3.3.2 Principle I2: (meta)data use vocabularies that follow FAIR principles

1) Interpretation

Principle I2 uses “vocabularies” to refer to the methods that unambiguously represent concepts that exist in a given domain. The use of shared, and formally structured (I1), sets of terms is an essential part of FAIR. Terminology systems, including flat “vocabularies”, hierarchical “thesauri” and more granular specifications of knowledge such as data models and ontologies, play an important role in community standards. However, the vocabularies used for metadata or data also need to be findable, accessible, interoperable, and reusable in their own right so that users (including machines) can fully understand the meaning of the terms used in the metadata. This principle has been criticized as “circular” but as has been made clear earlier in this article, the simple use of a “label” (e.g. “temperature”) is insufficient to enable a machine to understand both the intent of that label (Body temperature? Melting temperature?) and the contexts within which it can be properly linked – same-with-same – to other similarly-labelled data.

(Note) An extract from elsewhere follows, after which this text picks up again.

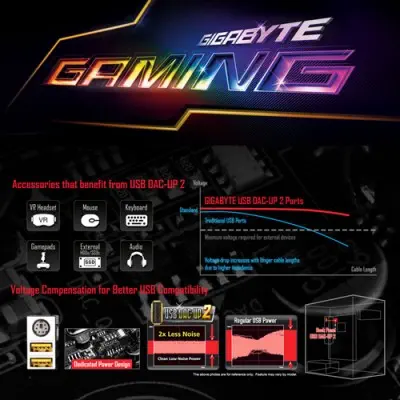 Gigabyte GA-AX370-Gaming K3 ATX Gaming (Oyuncu) Anakart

I2, therefore, requires that the vocabulary terms used in the knowledge representation language (principle I1) can be sufficiently distinguished, by a machine, to ensure detection of “false agreements” as well as “false disagreements”.

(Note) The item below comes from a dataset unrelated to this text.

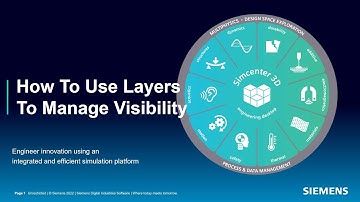 How To Use Layers To Manage Visibility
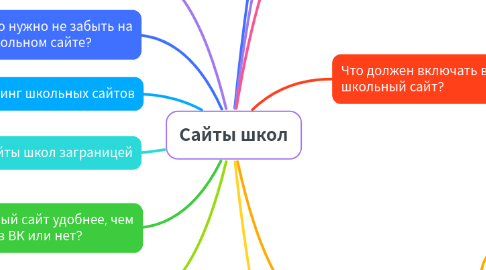 Mind Map: Сайты школ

2) Implementation considerations

Current considerations are for communities to ensure that terminology systems and, for instance, the units of measure, classifications, and relationship definitions are themselves FAIR. Thesauri that are proprietary and not universally accessible should be avoided wherever possible, because machines (and indeed particular countries, regions or communities as a whole) may not have the authority to access their definitions, such that even data that is accessible after authentication via A1.2 may not be useful to an agent that has no authority to access the concept definitions used within that data.

Ontologies defined in the “Web Ontology Language” (OWL) and shared via a publicly accessible registry (e.g. BioPortal for life science ontologies) are examples of formally represented, accessible, mapped, and shared knowledge representations in a broadly applicable language for knowledge representation, that are also compliant with the Findability requirements of FAIR, since BioPortal provides a machine-accessible search interface.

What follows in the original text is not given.